I remember when the reviews of director Darren Aronofsky’s last film “Noah” came out, the main complaint was the lack of direction outside of his comfort zone. He is a director whose work is infamous for being emotional, often mind-twisting powerhouses, so his previous film was seen as a downgrade by many. I was one of those folks who wanted him to return to his roots, and this film is evidence that I ought to be careful what I wish for.

“Mother!” primarily stars Jennifer Lawrence, Javier Bardem, Ed Harris and Michelle Pfeiffer. The film centers on an unnamed couple who are rebuilding their home in the middle of nowhere. When an unexpected guest and his wife enter their home, their presences challenge the couple’s perfect life. While the husband welcomes any and all camaraderie with others, the wife senses that her home is dying as a result.

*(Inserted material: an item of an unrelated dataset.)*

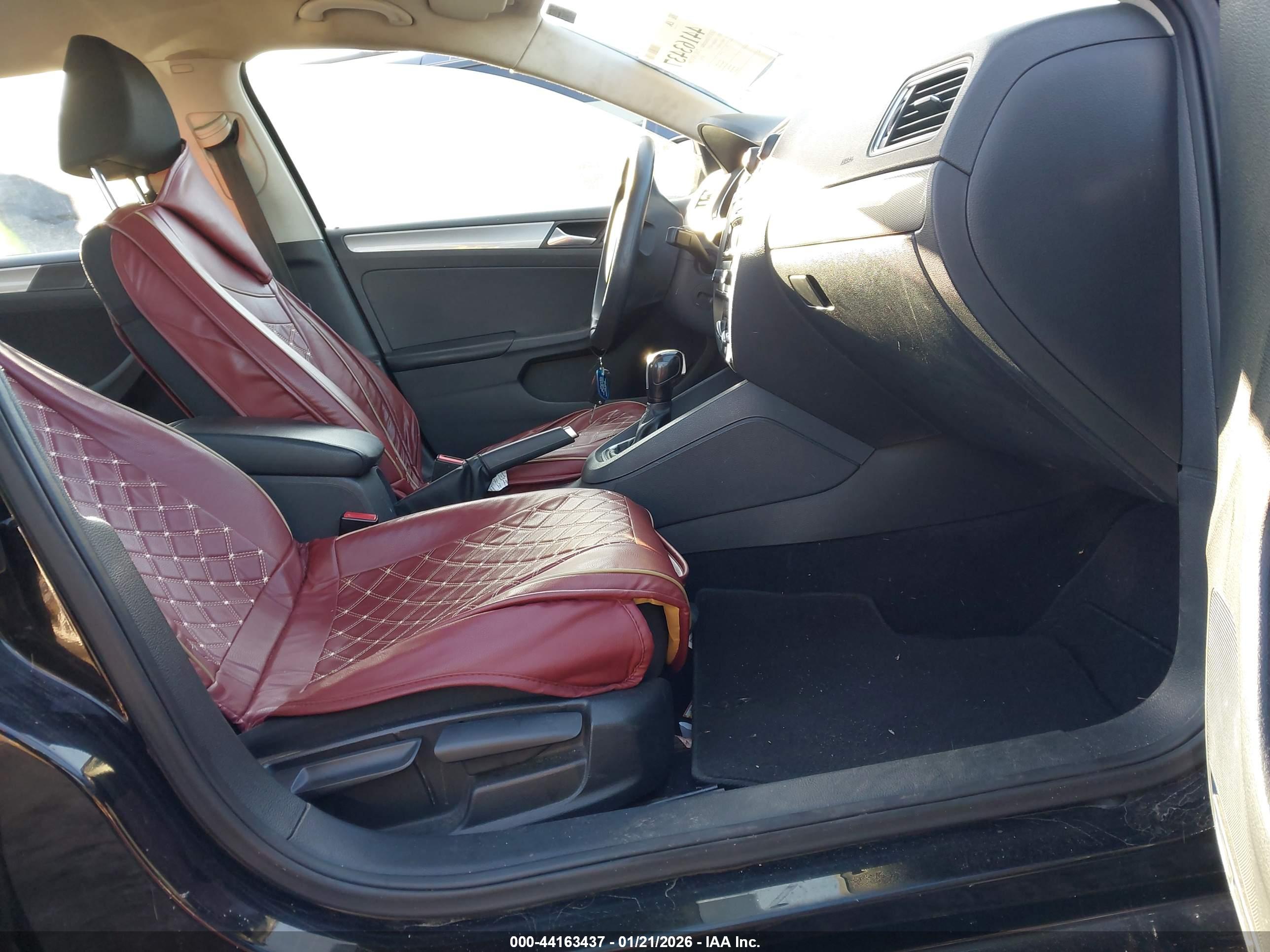 VOLKSWAGEN JETTA image 5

That is the closest this review can come to summarizing the premise without spoiling the entire plot, as it would take away the intensity of the film’s extraordinariness.

To say “Mother!” is rife with allegory would be an understatement. There are confirmed allusions to Christian iconography throughout the film, namely Eden, the Nativity, and the fall of man. Admittedly, it is low-hanging fruit regarding religious symbolism, and if you have seen the numerous interpretive art films, the viewer will most likely pick up on what is going to happen almost immediately. However, “Mother!” executes its parable with such fluency that it does not destroy the film.

For a metaphorical nightmare, Mother! is still aware of its plot and production. It is solid outside of its mysterious nature, the lighting and cinematography added to the realistic environment, and it is one of the few religious films that did not beat the viewer over the head with its message. The acting is especially fantastic. I was initially skeptical of the casting of Jennifer Lawrence, as not only is she surrounded by veteran actors who could easily overpower her, but I had trouble believing she could carry the entire film on her shoulders. However, her performance was not only good, it was great because the story allowed her to be great. Lawrence has had similar performances in the Hunger Games series, but because of how limited the world-building and visceral intensity was, it squandered her talents. “Mother!” pulls no punches in its disturbing content, and because of its unabashed narrative, Jennifer Lawrence had a chance to show her skills as an actress. She more than delivered.

If readers are considering seeing this, something they will need to contemplate first is whether or not this is their type of film. Just because Aronofsky tagged a mainstream actress’s name on top of billing does not mean it will appeal to everyone. However, if there is one message to take from “Mother!” it is that if a mother can bring someone into this world, she can take them out just as quickly.